EXHIBIT 4.1


                    SECOND AMENDMENT TO STOCKHOLDER AGREEMENT


                  THIS SECOND AMENDMENT TO STOCKHOLDER AGREEMENT (this
"AGREEMENT") is entered into on January 15, 2002 by and among ENERGY PARTNERS,
LTD., a Delaware corporation (the "COMPANY"), EVERCORE CAPITAL PARTNERS L.P.,
EVERCORE CAPITAL PARTNERS (NQ) L.P. and EVERCORE CO. INVESTMENT PARTNERSHIP
L.P., each a limited partnership organized under the laws of the State of
Delaware, and EVERCORE CAPITAL OFFSHORE PARTNERS L.P., a limited partnership
organized under the laws of the Cayman Islands (collectively, the "EVERCORE
ENTITIES"), ENERGY INCOME FUND, L.P., a limited partnership organized under the
laws of the State of Delaware ("EIF"), and the individual stockholders of the
Company signatories hereto. Terms used but not defined herein have the meanings
assigned to such terms in the Stockholder Agreement (the "STOCKHOLDER
AGREEMENT") dated November 17, 1999, as amended, by and among the Company, the
Evercore Entities, EIF and the individual stockholders of the Company party
thereto (the "INDIVIDUAL STOCKHOLDERS").

                  WHEREAS, the Company, the Evercore Entities, EIF and the
Individual Stockholders are party to the Stockholder Agreement.

                  WHEREAS, the parties hereto wish to amend the Stockholder
Agreement as set forth in this Agreement.

                  NOW, THEREFORE, the parties hereto hereby agree as follows:

                  1. Section 1.1 is hereby amended by adding the following
definition:

                           "HHOC Shareholders" means Paul Candies, W.P. Dillard,
                  Gary L. Hall, Wayne P. Hall, John H. Peper, Bruce R. Sidner
                  and their respective Affiliates (which term shall not include
                  the Company or its subsidiaries).

                  2. Section 3.2(a) and (b) is hereby amended in its entirety
with the following:

                           (a) The Board shall be composed of nine directors,
                  unless Richard A. Bachmann ceases to serve as Chairman and
                  Chief Executive Officer of the Company but remains a member of
                  the Board, in which case (and until Mr. Bachmann no longer
                  serves on the Board) the Board shall be composed of ten
                  directors. The number of Directors constituting the Board
                  shall not be changed until the earlier to occur of (x) the
                  Transition Date and (y) such time as any Person acquires at
                  least 80% of the issued and outstanding Common Stock,
                  provided, however, that a majority of the Board, with the
                  unanimous




                  consent of each Director who is a designee of any Evercore
                  Entities pursuant to this Section 3.2 may alter the size of
                  the Board; provided, further, that no reduction shall
                  eliminate a designee of any Shareholder under Section 3.2(b)
                  without such Shareholder's consent.

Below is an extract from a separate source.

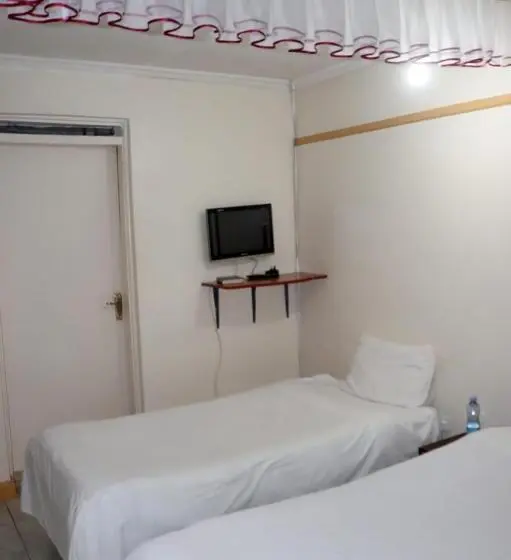 آپارتمان 3 خوابه, Salient Guest House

                           (b) Until the Transition Date, the Evercore Entities
                  shall be entitled to designate or nominate four persons (with
                  each Evercore Entity designating at least one of the persons)
                  as directors of the Company (five persons if Richard A.
                  Bachmann no longer serves as Chief Executive Officer of the
                  Company but serves on the Board). EIF shall be entitled to
                  designate or nominate one person as a director of the Company,
                  the HHOC Shareholders shall be entitled to designate or
                  nominate one person as a director of the Company (which
                  designee shall initially be Gary L. Hall) and the Management
                  Shareholders shall be entitled to designate or nominate the
                  three remaining directors of the Company. From the Transition
                  Date until such time as the Evercore Entities Beneficially Own
                  a Company Ownership Interest of less than 10%, the Evercore
                  Entities shall be able to designate or nominate a number of
                  persons as directors of the Company equal to the product
                  (rounded to the next highest whole number) of (i) the Company
                  Ownership Interest of the Evercore Entities, times (ii) the
                  total number of directors then on the Company's Board.

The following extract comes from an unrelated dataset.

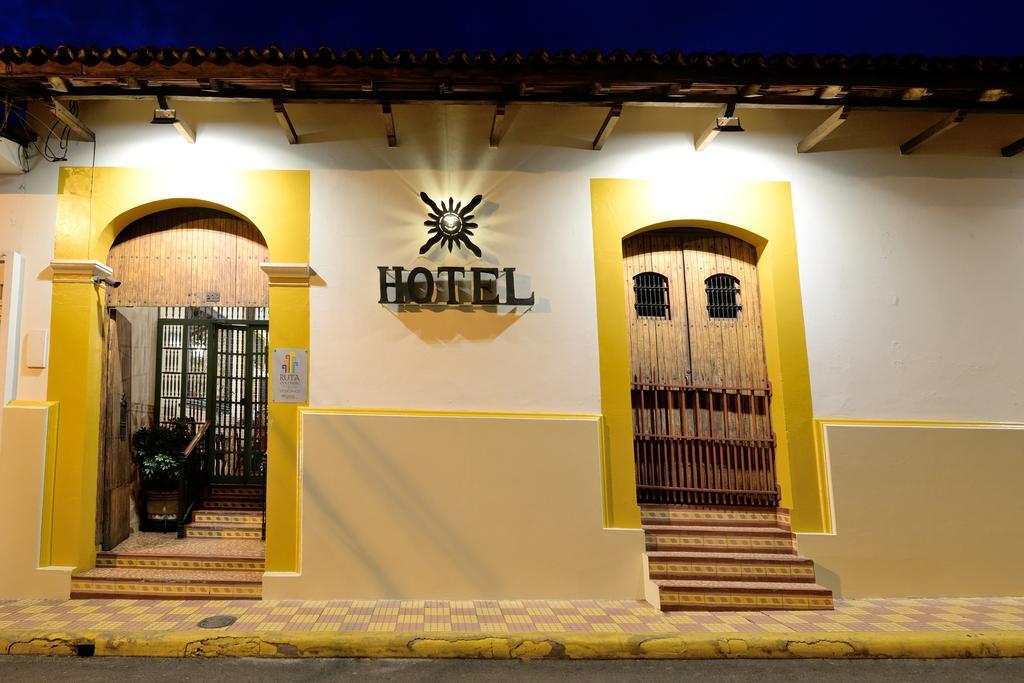 Hotel La Posada Del Doctor Leon Exterior photo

                  3. Section 9.2 is hereby amended to add the following to the
last sentence:

                           "The rights of HHOC under Section 3.2 shall terminate
                  on the date on which the HHOC Shareholders have a Company
                  Ownership Interest (as determined in good faith by the
                  Company) of less than 10%."

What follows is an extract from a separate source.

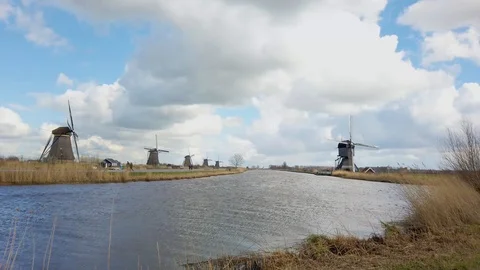 Long shot of several Windmills at Kinderdijk 動画素材 104779422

                  4. By their execution hereof, Richard A. Bachmann and the
Evercore Entities acknowledge that the Required Approval has been obtained for
the execution, delivery and performance of this Agreement.

                  5. Except as expressly set forth herein, the terms of the
Stockholder Agreement are unchanged, and the Stockholder Agreement, as amended
by this Agreement, is hereby confirmed and ratified. Except for the HHOC
Shareholders, this Agreement is not intended to confer upon any person other
than the parties hereto any rights or remedies hereunder.

                  6. This Agreement may be executed in multiple counterparts,
each of which shall be deemed an original and all of which shall, taken
together, be considered one and the same agreement, it being understood that the
parties need not sign the same counterpart.


                                      -2-



                  7. This Agreement shall become effective upon the execution of
this Agreement by the Company, the Evercore Entities, EIF and the holders of a
majority of the Securities owned by Individual Shareholders.

                                      -3-


                  IN WITNESS WHEREOF, the parties hereto have executed and
delivered this Agreement as of the date first above written.

                                    ENERGY PARTNERS, LTD.


                                    By:
                                       ------------------------------------
                                       Name:  Richard A. Bachmann
                                       Title: Chairman, President and Chief
                                              Executive Officer


                                    EVERCORE CAPITAL PARTNERS L.P.


                                    By:
                                       ------------------------------------
                                       Name:
                                       Title:


                                    EVERCORE CAPITAL PARTNERS (NQ) L.P.


                                    By:
                                       ------------------------------------
                                       Name:
                                       Title:


                                    EVERCORE CAPITAL OFFSHORE PARTNERS L.P.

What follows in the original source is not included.